Mario Conde. Los días de gloria is a two-part Spanish television miniseries. It is an adaptation of the Mario Conde's memoir Los días de gloria, portraying the 1993 intervention of Banesto. Directed by Salvador Calvo and starring Daniel Grao in the leading role, it aired in 2013 on Telecinco.

== Premise ==
The plot accounts for the Mario Conde's meteoric rise together with his friend Juan Abelló in the banking system, that ended up with the 1993 intervention of Banesto (chaired by Conde) by the Bank of Spain and a 20-year prison sentence eventually handed to Conde.

== Cast ==
- Daniel Grao as Mario Conde.
- Mariona Ribas as Lourdes Arroyo.
- Juan Carlos Vellido as Arturo Romaní.
- Francesc Orella as Juan Abelló.
- Pedro Casablanc as Mariano Rubio, the Governor of the Bank of Spain.
- Manolo Solo as Carlos Solchaga.
- Enrique Arce as Fernando Garro.
- Jaime Pujol as Luis Ángel Rojo.
- Úrsula Corberó as Paloma Aliende.
- Mikel Tello as César Mora.
- Berta Gómez as Ana Gamazo.
- José Luis Patiño as Narcís Serra.
- Jordi Díaz as Miguel Martín.
- Manuel Regueiro as Alberto Cortina.
- Jesús Noguero as Alberto Alcocer.
- Ángel Hidalgo as King Juan Carlos.
- Manuel de Blas as Don Juan de Borbón.
- José Chaves as Felipe González.
- Jaime G. Arija as José María Aznar.

== Production and release ==
Produced by Mediaset España in collaboration with DLO Producciones, the miniseries was an adaptation of the memoir book Los días de gloria by Mario Conde, who was reportedly initially satisfied with the result and even lent part of his personal clothing.

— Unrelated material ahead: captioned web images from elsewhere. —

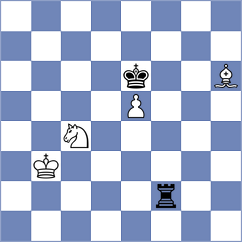 Salas Ona - Gonzalez Gonzalez (Chess.com INT, 2020)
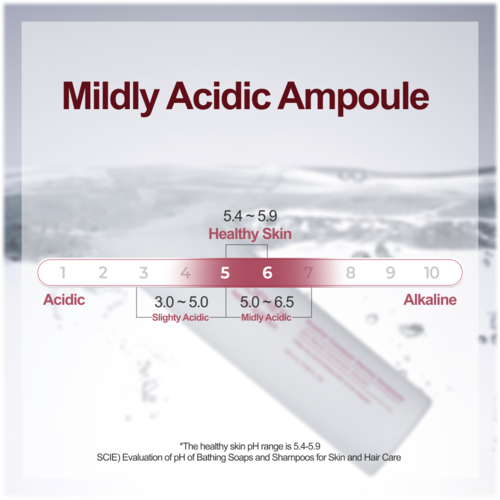 KOPHER Curepair Signature Ampoule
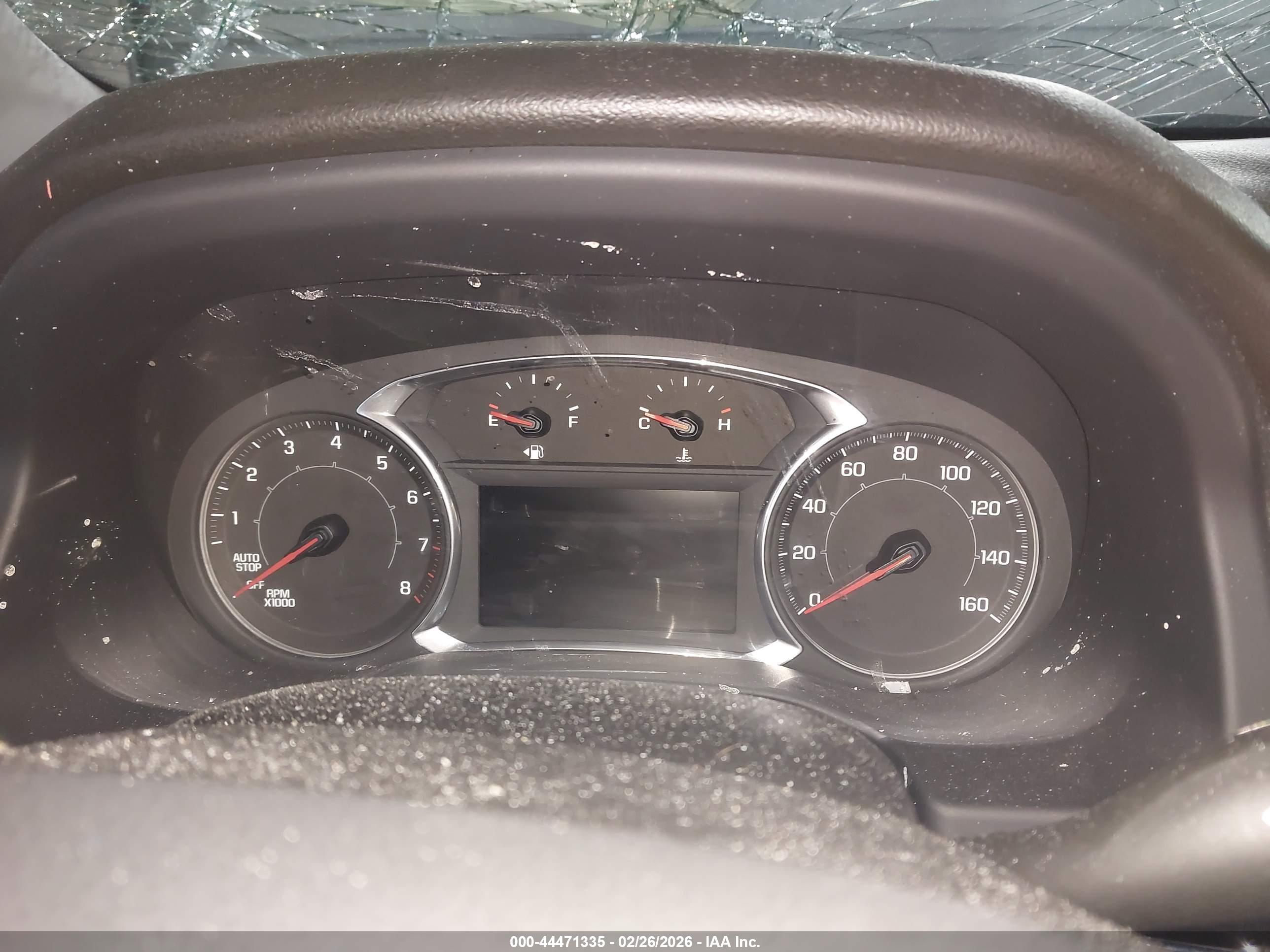 GMC ACADIA image 7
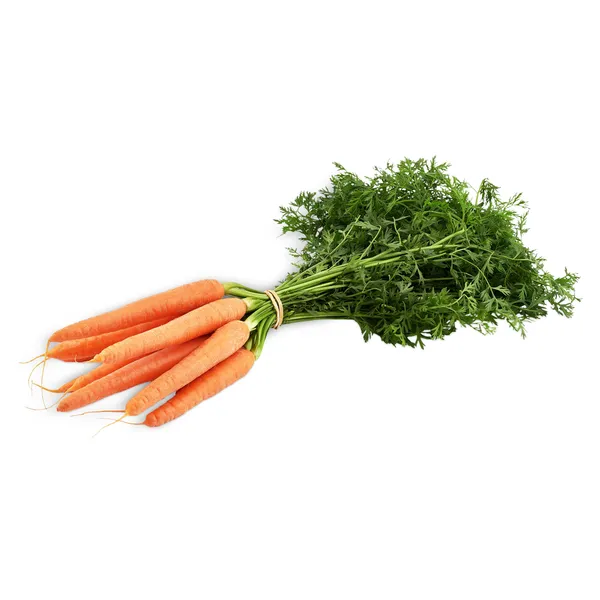 Zanahoria manojo 750 g 4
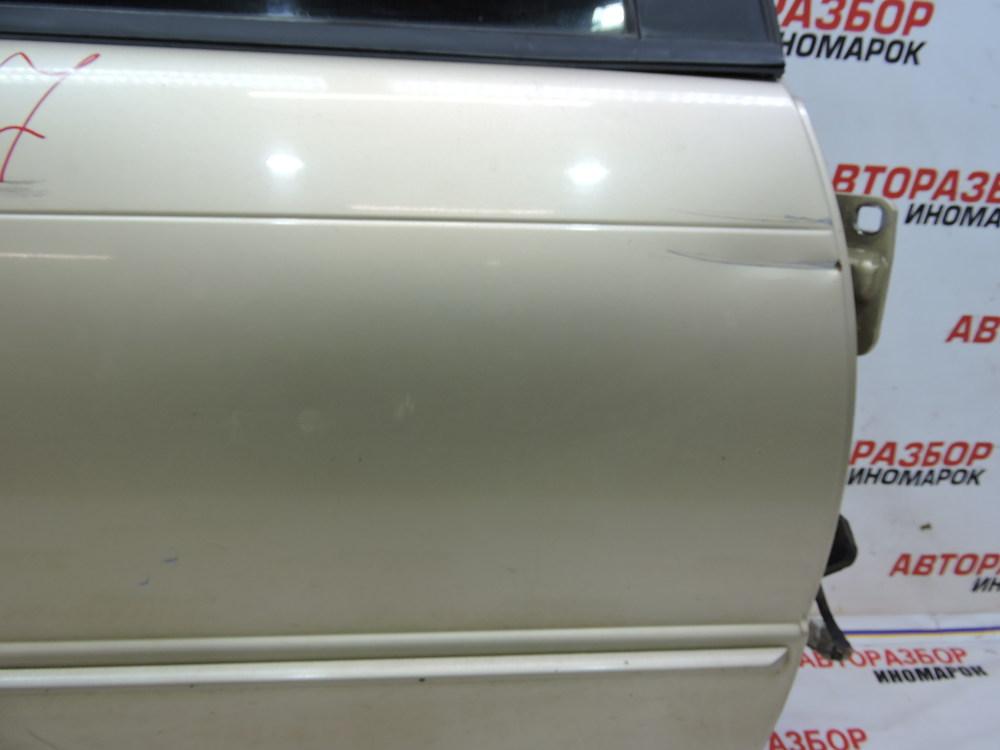 Дверь задняя правая для Chrysler 300 (LR) 1998-2004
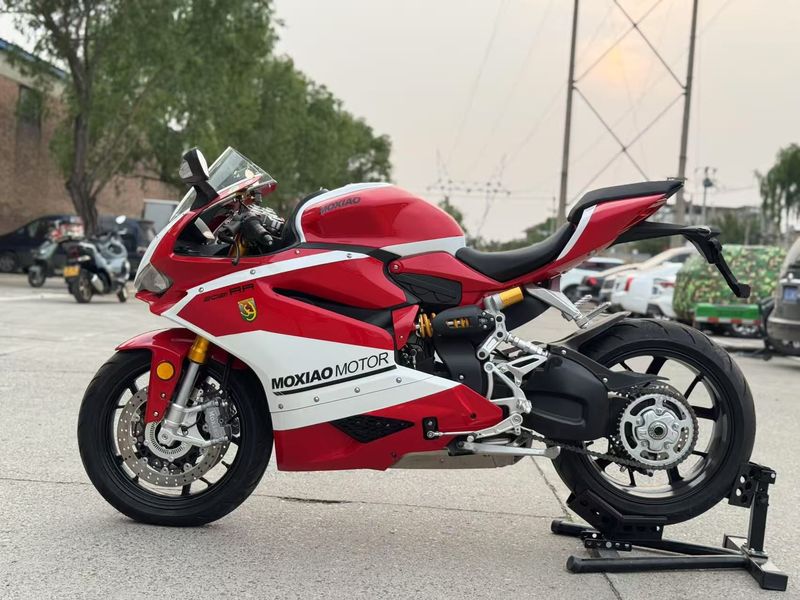 二手摩枭500RR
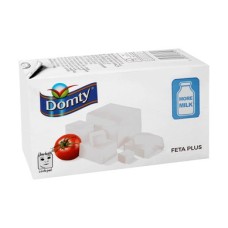 Domty Plus Feta Cheese 1kg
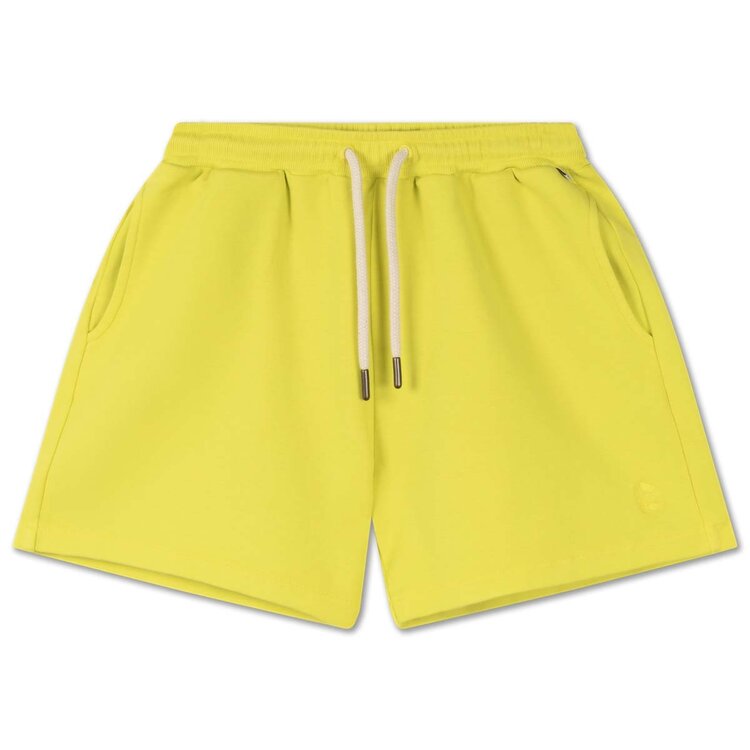 REPOSE AMS Shorty - Neon Lime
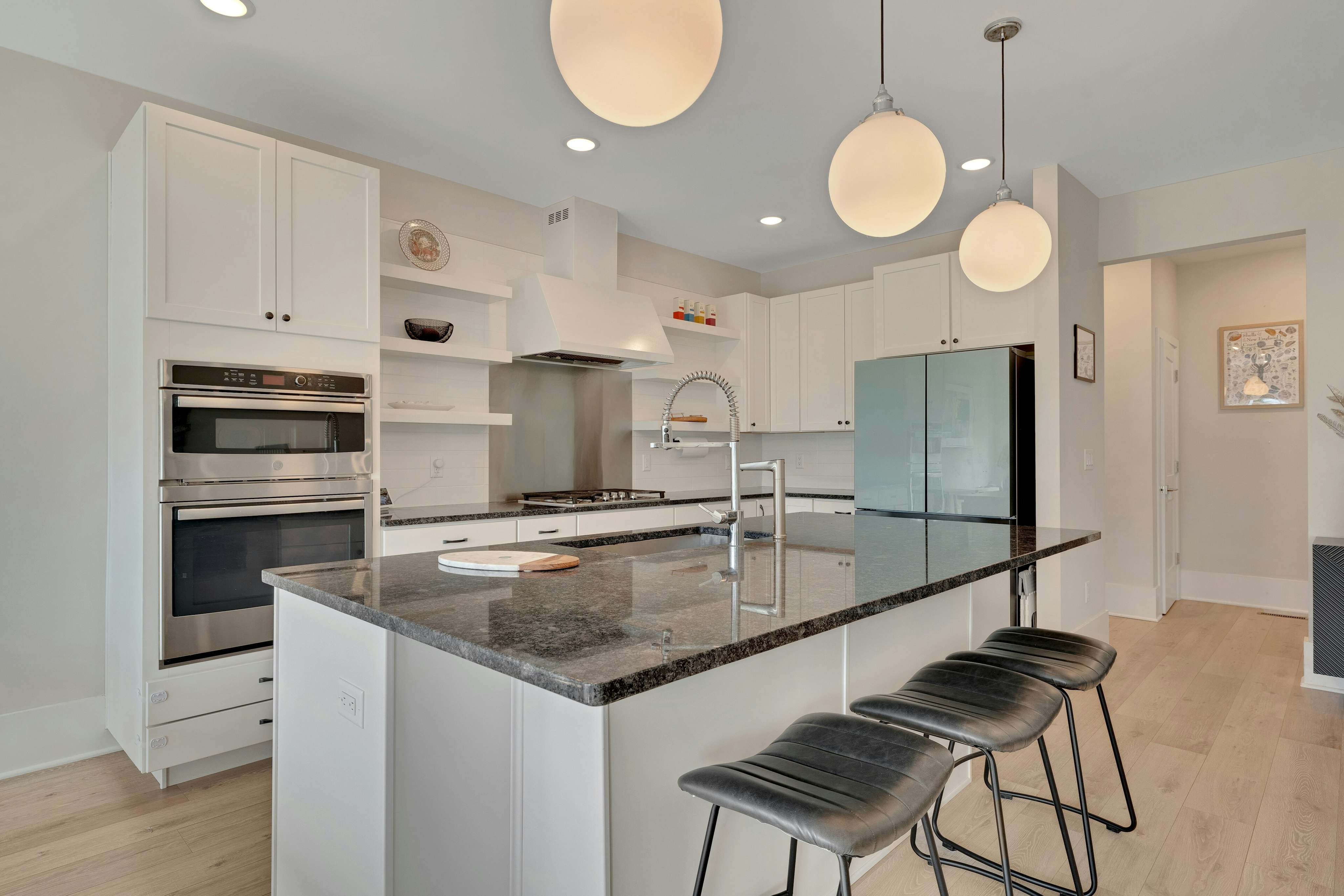  5 Davies Drive, Old Tappan, NJ 07675 - 物件實景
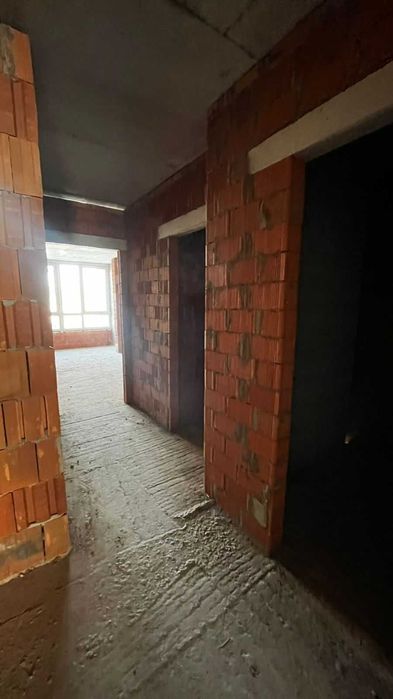 Двокімнатна квартира у ЖК Verba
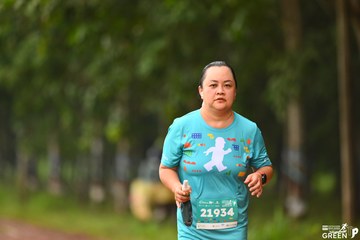 COTECCONS - LÊ PHONG BÌNH DƯƠNG HALF MARATHON 2023 - Ảnh #499151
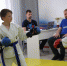 В рамках партпроекта «Детский спорт» для туляков организован мастер-класс по рукопашному бою - Единая Россия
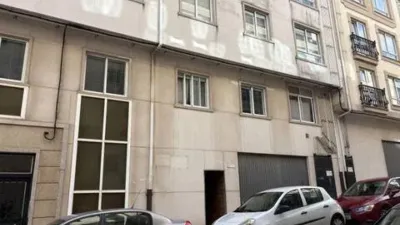Local comercial en venta en A Gándara - Vista 4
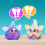 Tie Dye Interactive Plush Toy - Board Game 7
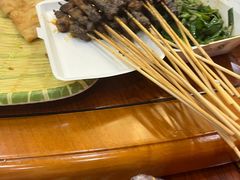 -五七小李子油焖大虾(总店)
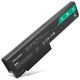 1x Batería 4400mAh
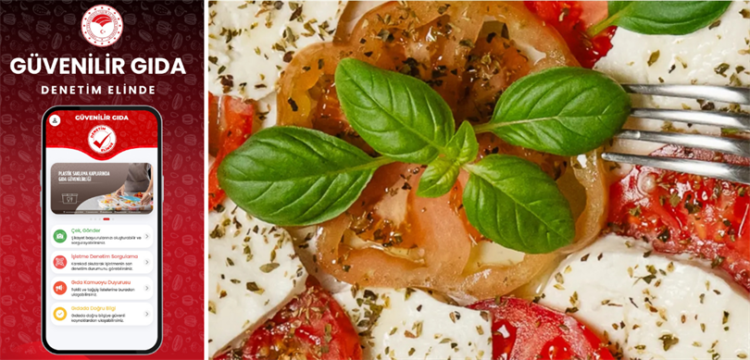 Türkiye SAFE2EAT Kampanyasına İkinci Kez Katıldı SAFE2EAT habermeydan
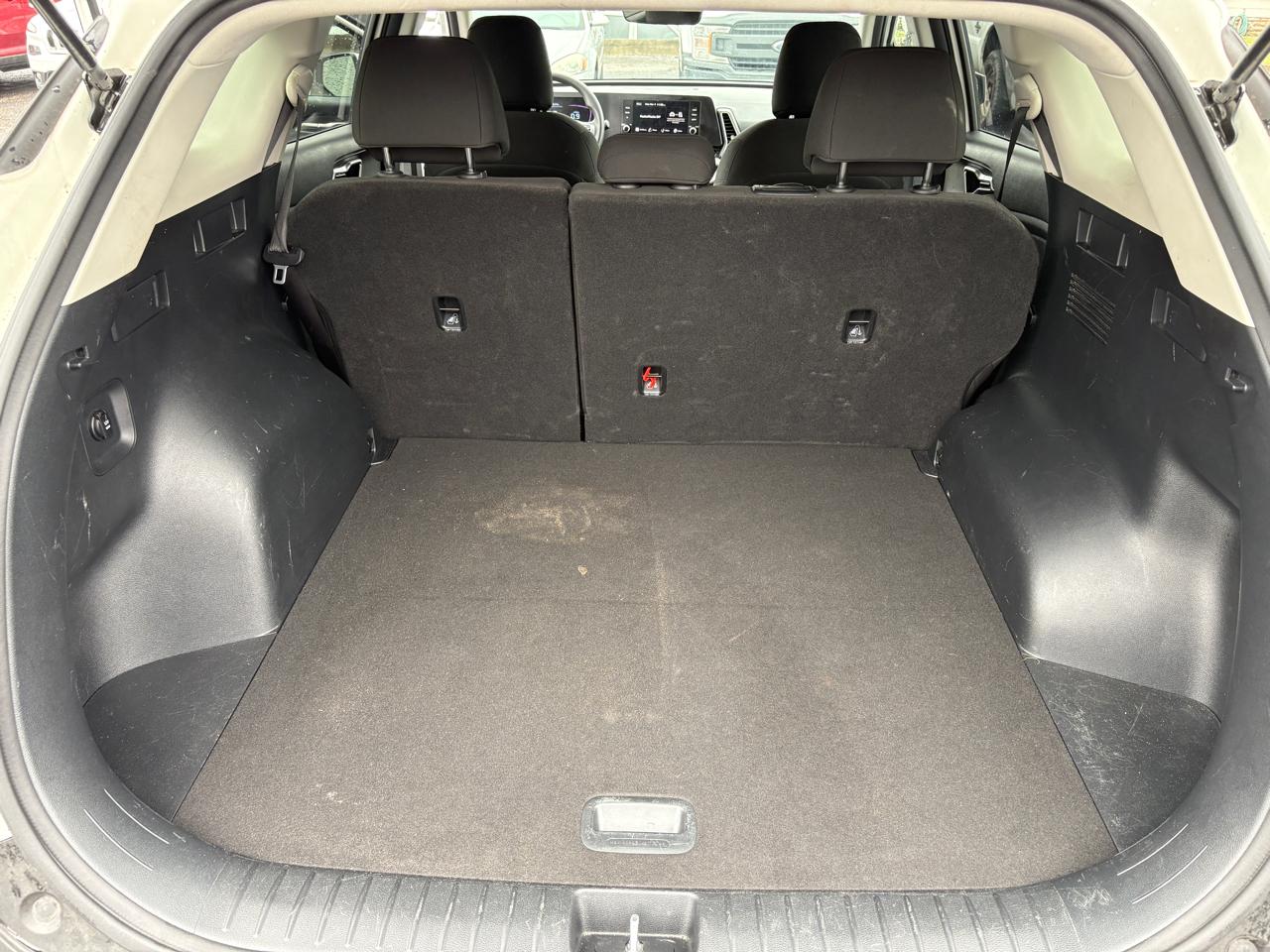 Kia Sportage LX FWD 2025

The screenplay was authored by Helena Medina, whereas the two parts were directed by Salvador Calvo. Filmed across the Madrid region, shooting locations included the former Banesto headquarters in the calle de Alcalá, the Casa de América, the Palace of Fernán Núñez, the Palace of Santa Coloma, the Museo Geominero, the former Conde's residence in the Calle de Triana, a rural estate in Alcobendas and a house in Torrelodones. Despite his early positive views on the series, Conde harshly criticised the removal of a scene concerning a conversation with the King, which was left unaired.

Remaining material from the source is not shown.